::: Material provided :::

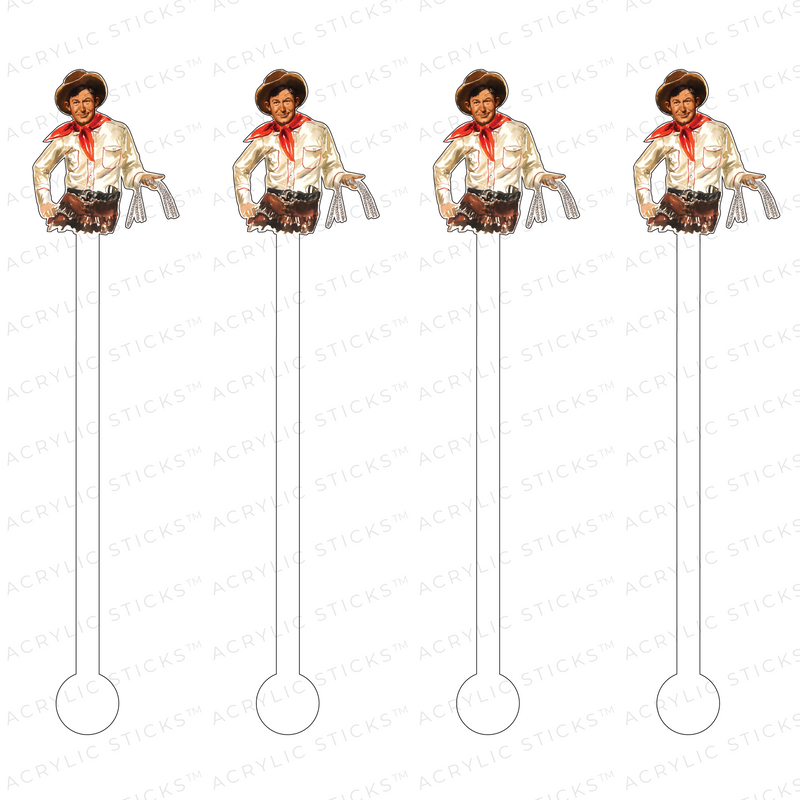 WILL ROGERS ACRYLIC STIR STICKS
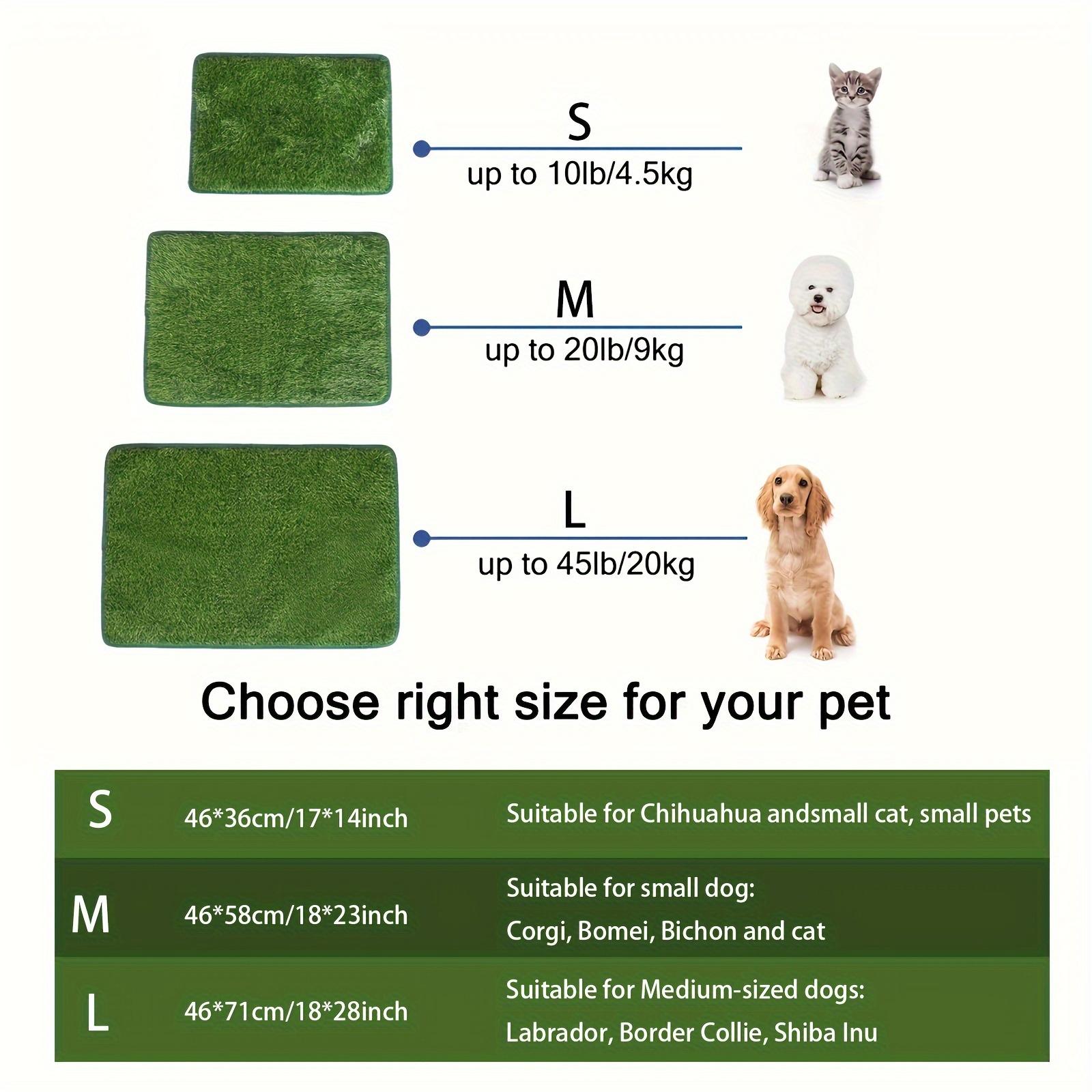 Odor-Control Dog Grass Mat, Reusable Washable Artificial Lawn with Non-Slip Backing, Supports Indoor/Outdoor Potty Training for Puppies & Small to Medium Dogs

:::
::: Material provided :::

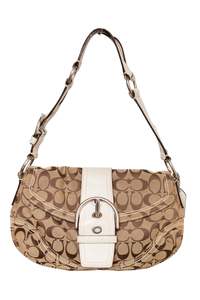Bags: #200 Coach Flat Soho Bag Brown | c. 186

:::

_Work task_:
Exact copy, no pictures. Write out the lines in the entries above, starting with the line with "WILL ROGERS ACRYLIC STIR STICKS" and going on through the line with "Odor-Control Dog Grass", keeping both.

_Exercise output_:
 WILL ROGERS ACRYLIC STIR STICKS
 Odor-Control Dog Grass Mat, Reusable Washable Artificial Lawn with Non-Slip Backing, Supports Indoor/Outdoor Potty Training for Puppies & Small to Medium Dogs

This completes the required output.